→ WORK TO COMPLETE
For the records below, please print exactly and only the lines from the one with "Here you can see the" down to the one with "Good morning, students.", both ends included, omitting the pictures.

(Saved data entries)

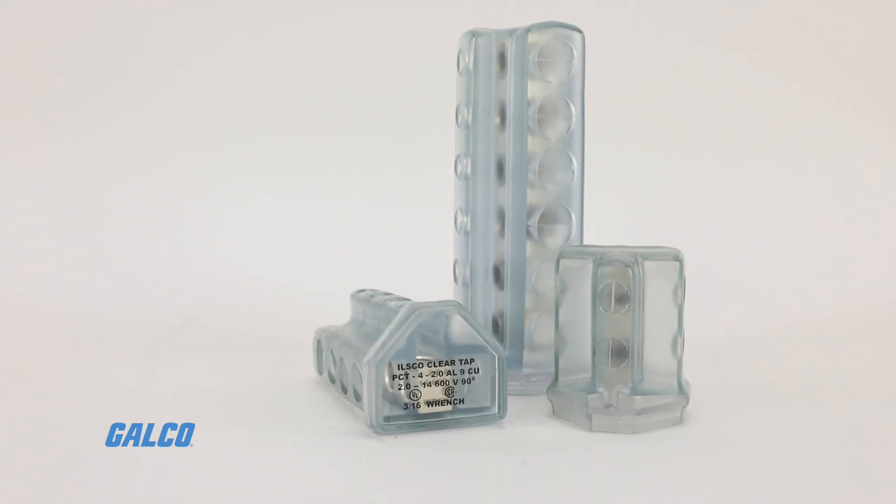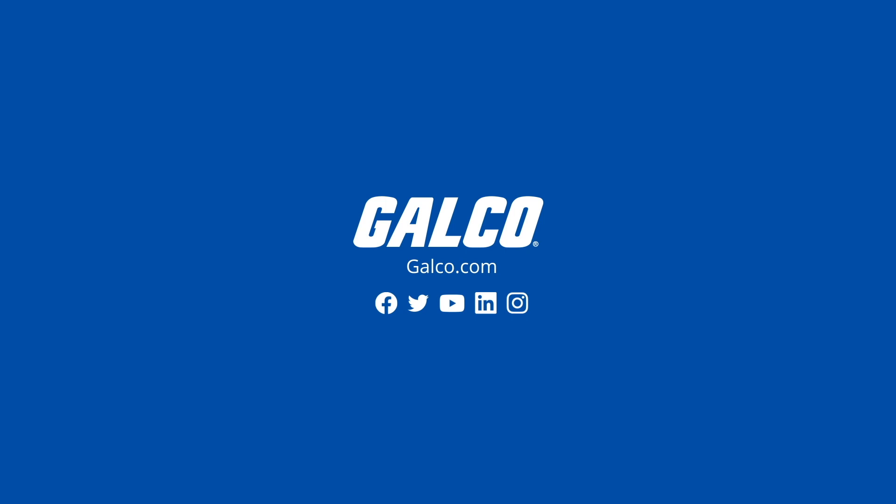For more on ClearTap devices and other ILSCO solutions, visit us at galco.com.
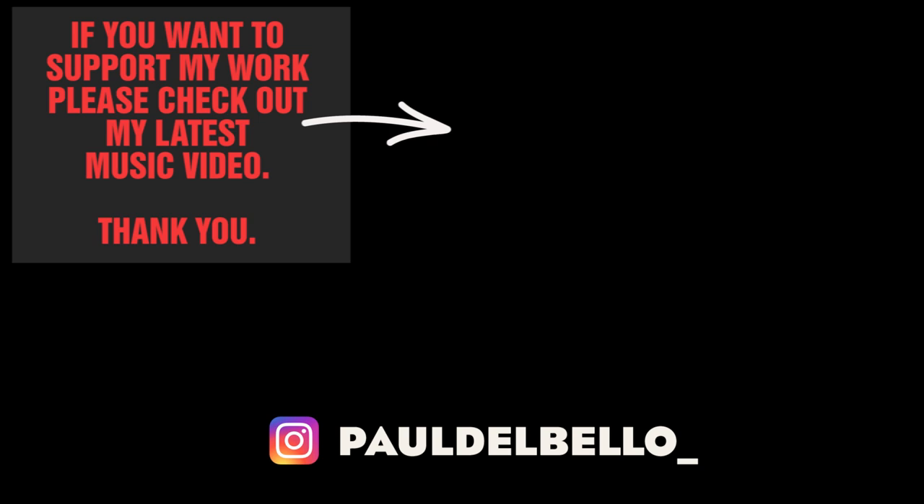That's all I have to say about Murdoch Nichols. Thank you very much for watching. Please don't forget to subscribe, leave a comment, and follow me on Instagram.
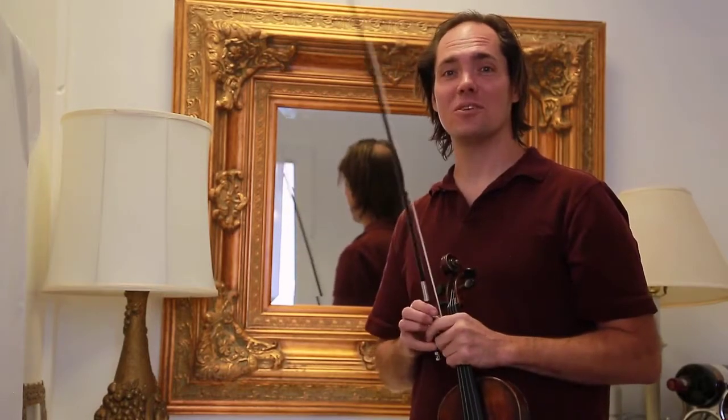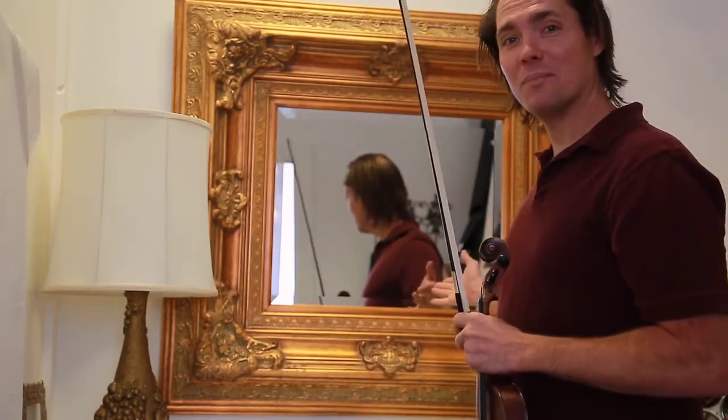Hi, I'm Bai Wickham and this is another quick practice tip for you. Practice with a mirror.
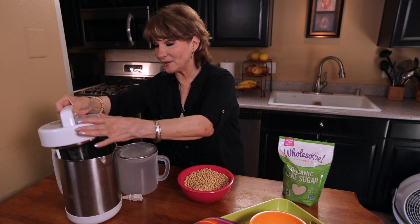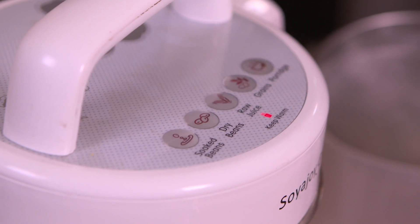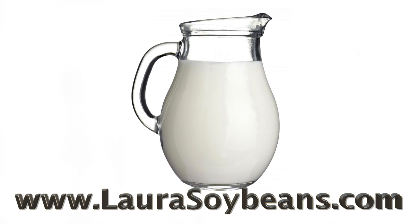And then I just take the top like this. You plug it in and it beeps. Press soaked soybeans. It beeps twice and 20 minutes later you have fresh, delicious, homemade soy milk.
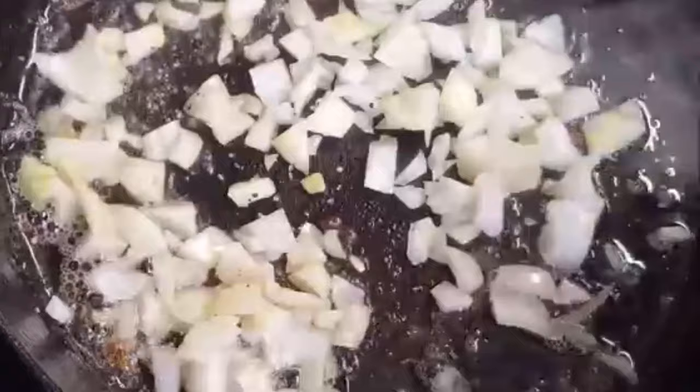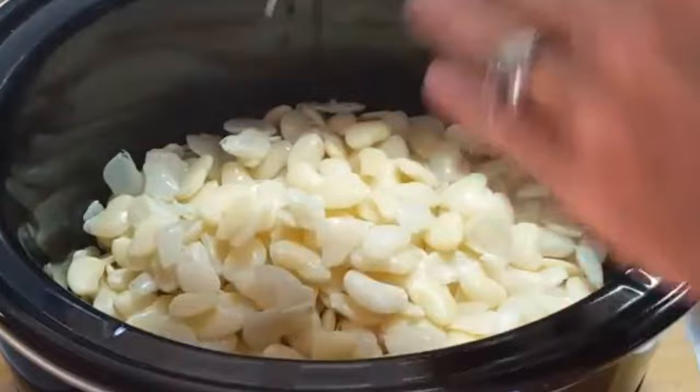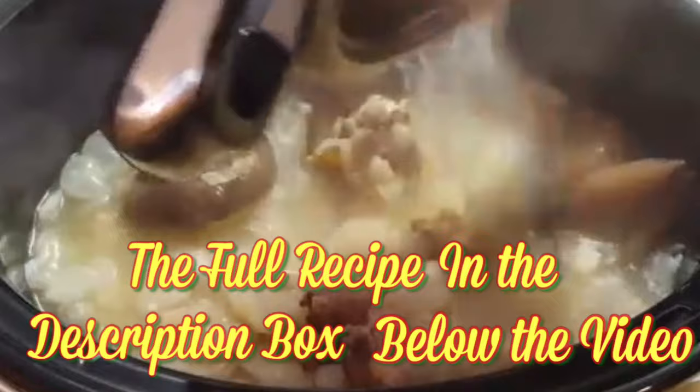Fry up some bacon, sauté some onions and some garlic until softened. Add your beans to your slow cooker along with your ham hocks, your ham hock cooking juices, and the bacon, onions, and garlic.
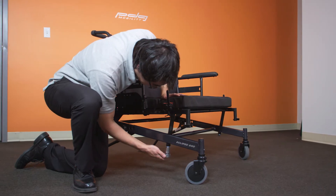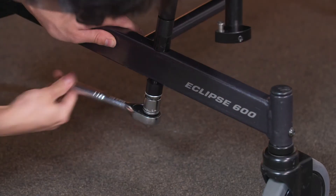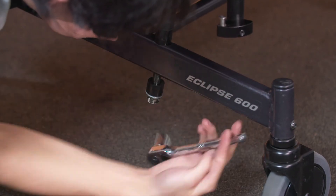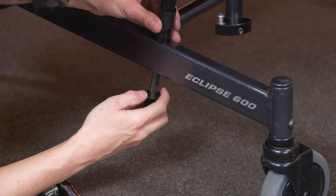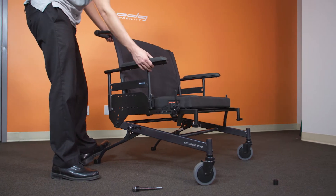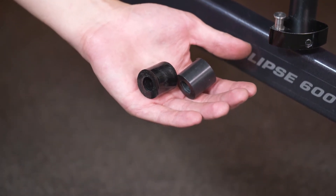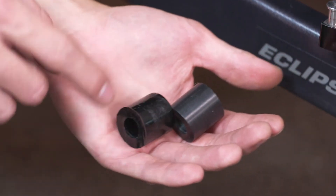A long wrench or socket wrench may be required to produce enough torque. Supporting the upper frame may help with this procedure. At this point you should be able to freely pivot the upper frame relative to the lower frame. Note the difference between the shock absorbers and the spacers. The spacers are hard plastic and matte while the shock absorbers are pliable and glossy.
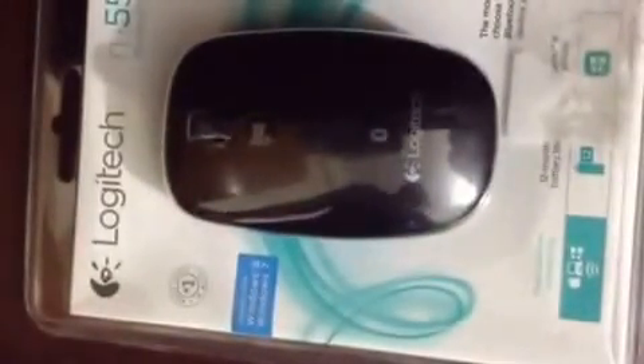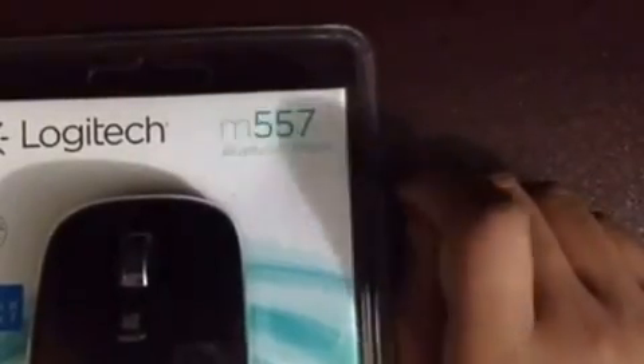Here you can see the Logitech logo and the company name, and the model is M557 Bluetooth Mouse. On here you can see — just focus — one year warranty. It works with industry standard Bluetooth, so it will also work with any Bluetooth device. It has multi-platform connectivity: Apple, your computer, Windows phone, etc. And the battery life is really good.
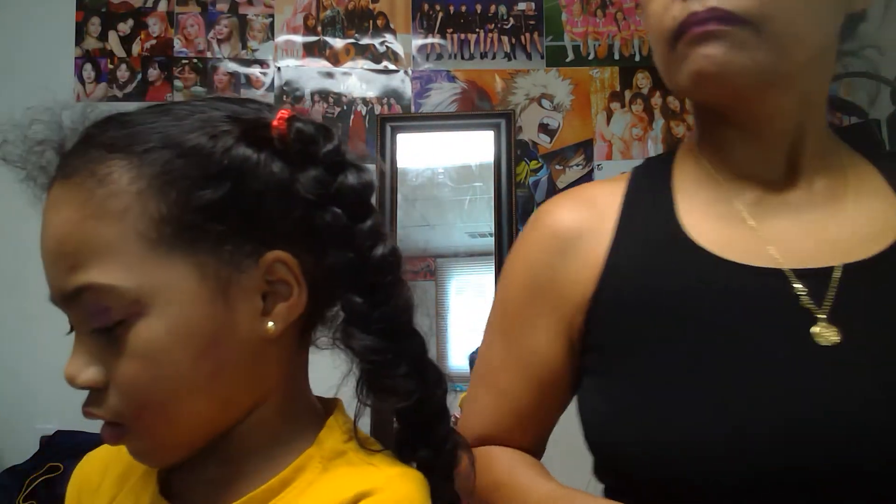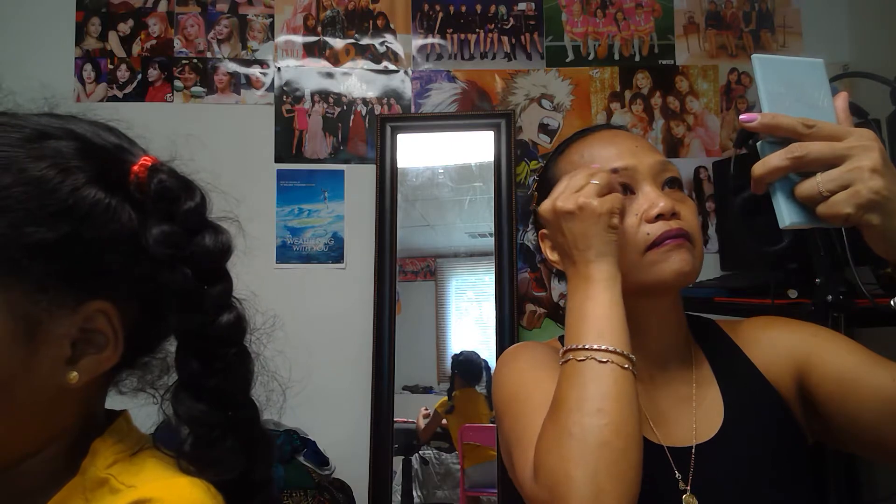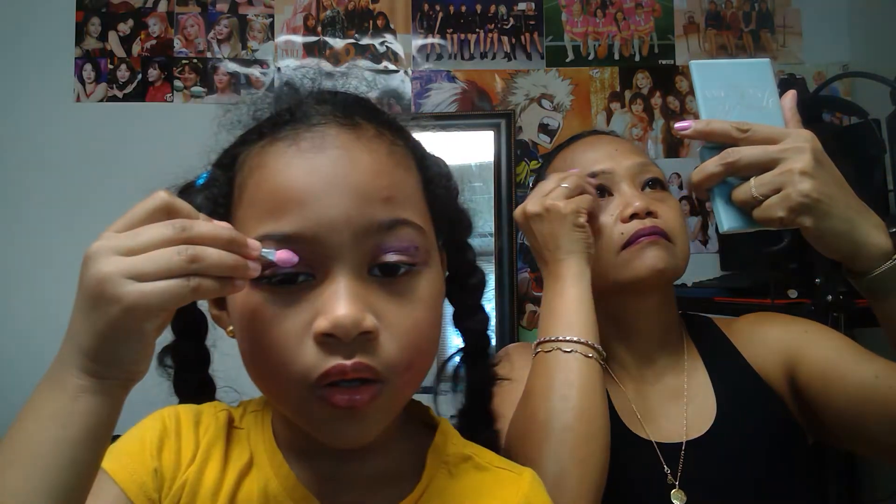Are you done so we can put mascara? I don't have eyebrow. Can I borrow yours please? Sure, you can. Thank you. My hair is very, very fine, so I have to put this eyebrow pencil on.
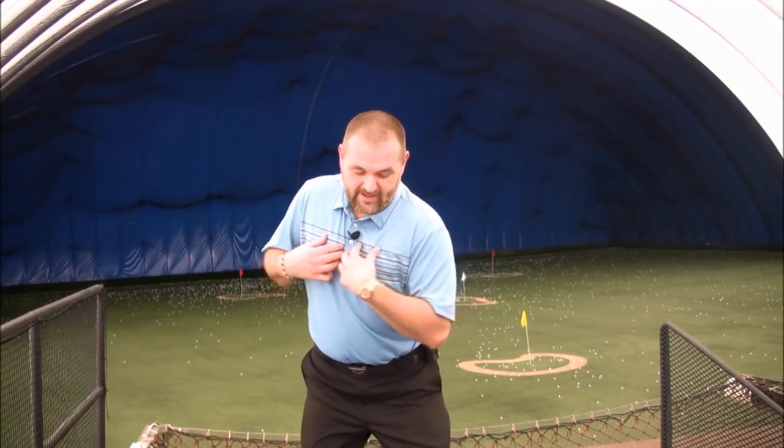So exactly what is a reverse pivot? Well, we've all seen it. If the target is this way for a right-handed golfer, it means that my spine angle as I make my backswing is turning this way and leaning towards the target. It's not a very powerful position at all. You can make an effective weight shift, but yet most people don't know how to solve the reverse pivot.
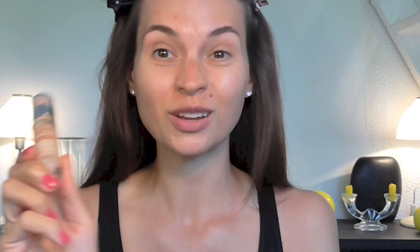First, to prime my skin, I am using what I always use: the Bourjois Happy Light Luminous Serum Primer. Really loving this. And then for foundation, I am using the Bourjois Healthy Mix Serum. I think this is a really, really nice summer foundation — basically what I use all summer long.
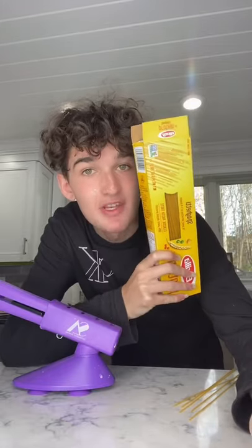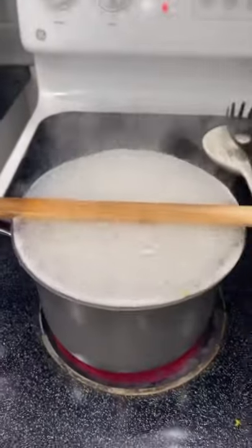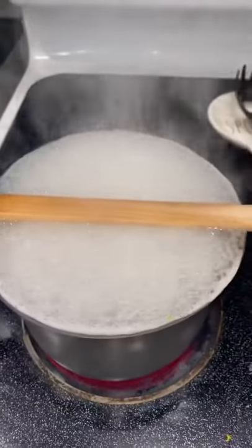All right guys, it's time to test this out to see if this is actually a life hack, so here we go. First, we need to get our spaghetti. When you guys cook pasta, if you put a wood spoon here, it actually will not bubble over.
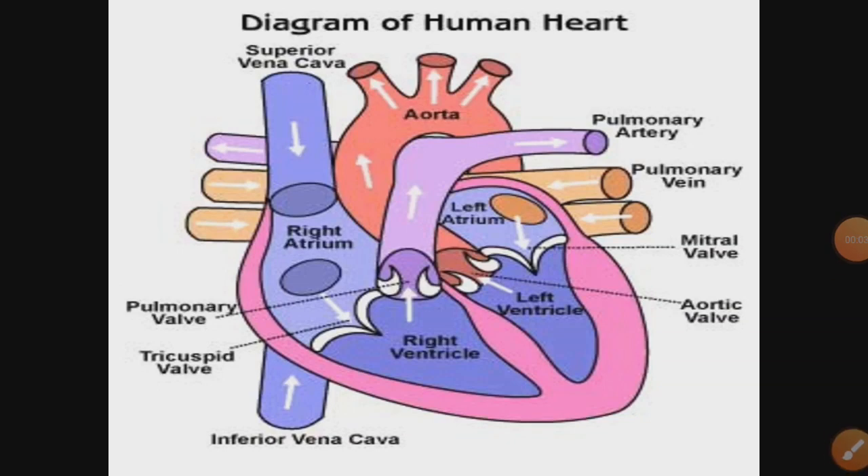Good morning, students. Today we will study about the working of the human heart, also called double circulation. Let us get started.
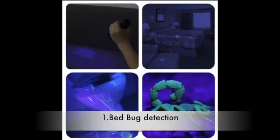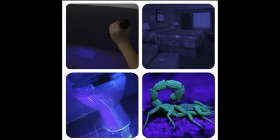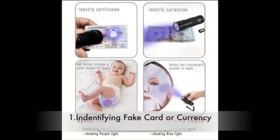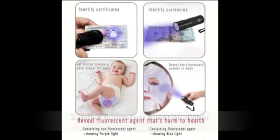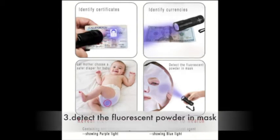Introducing the Vansky UV Flashlight Blacklight with 51 LEDs that are ultraviolet for pet urine detection. This flashlight is also great for detecting bed bugs, bathroom stains, and scorpions.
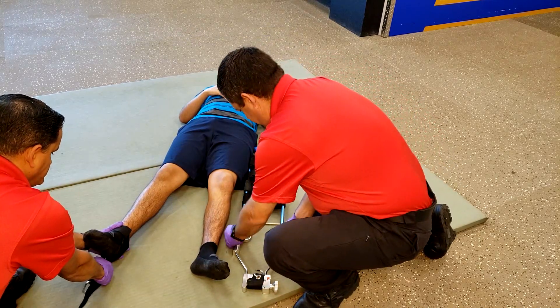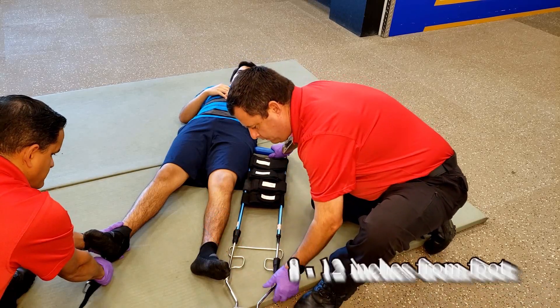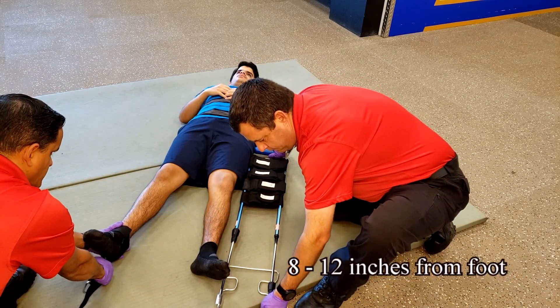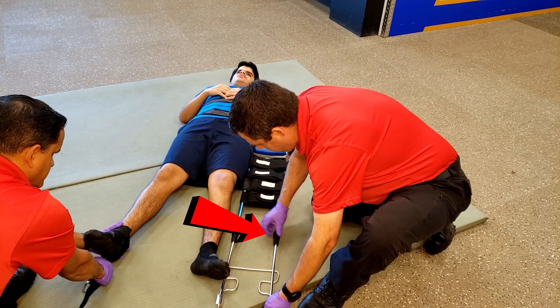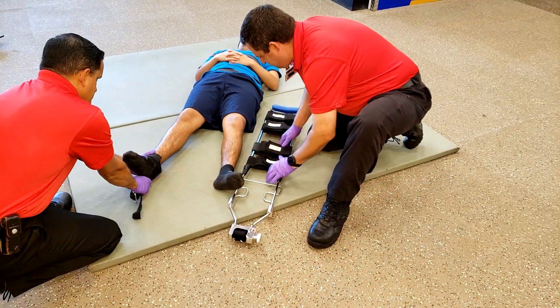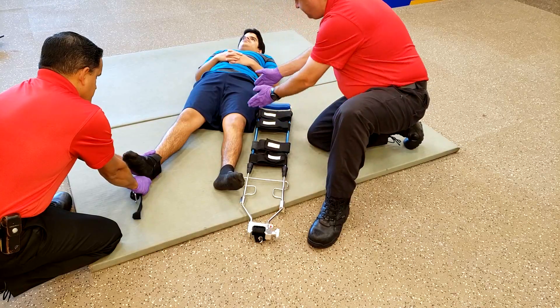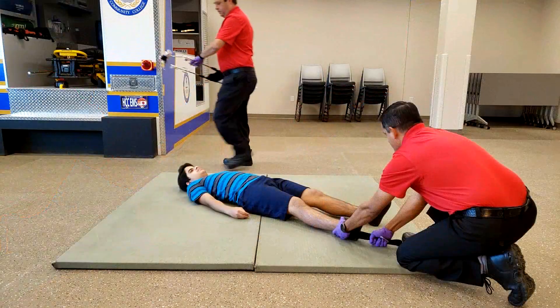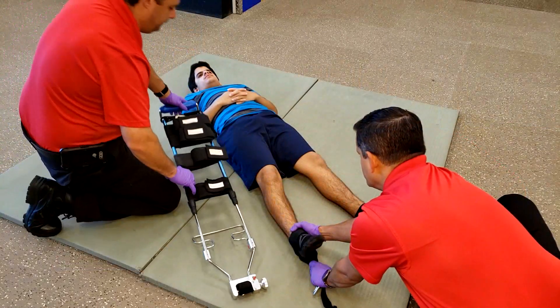Extend the traction splint so the mechanical winch is approximately 8 to 12 inches from the foot, then lock the traction splint in place. Verify that the straps are lined up where two are above and two are below the knee. Take the traction splint to the injured side and place it along the injured leg.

→ WRITTEN RESPONSE
Here you can see the Logitech logo and the company name, and the model is M557 Bluetooth Mouse. On here you can see — just focus — one year warranty. It works with industry standard Bluetooth, so it will also work with any Bluetooth device. It has multi-platform connectivity: Apple, your computer, Windows phone, etc. And the battery life is really good.
Are you done so we can put mascara? I don't have eyebrow. Can I borrow yours please? Sure, you can. Thank you. My hair is very, very fine, so I have to put this eyebrow pencil on.
So exactly what is a reverse pivot? Well, we've all seen it. If the target is this way for a right-handed golfer, it means that my spine angle as I make my backswing is turning this way and leaning towards the target. It's not a very powerful position at all. You can make an effective weight shift, but yet most people don't know how to solve the reverse pivot.
First, to prime my skin, I am using what I always use: the Bourjois Happy Light Luminous Serum Primer. Really loving this. And then for foundation, I am using the Bourjois Healthy Mix Serum. I think this is a really, really nice summer foundation — basically what I use all summer long.
All right guys, it's time to test this out to see if this is actually a life hack, so here we go. First, we need to get our spaghetti. When you guys cook pasta, if you put a wood spoon here, it actually will not bubble over.
Good morning, students. Today we will study about the working of the human heart, also called double circulation. Let us get started.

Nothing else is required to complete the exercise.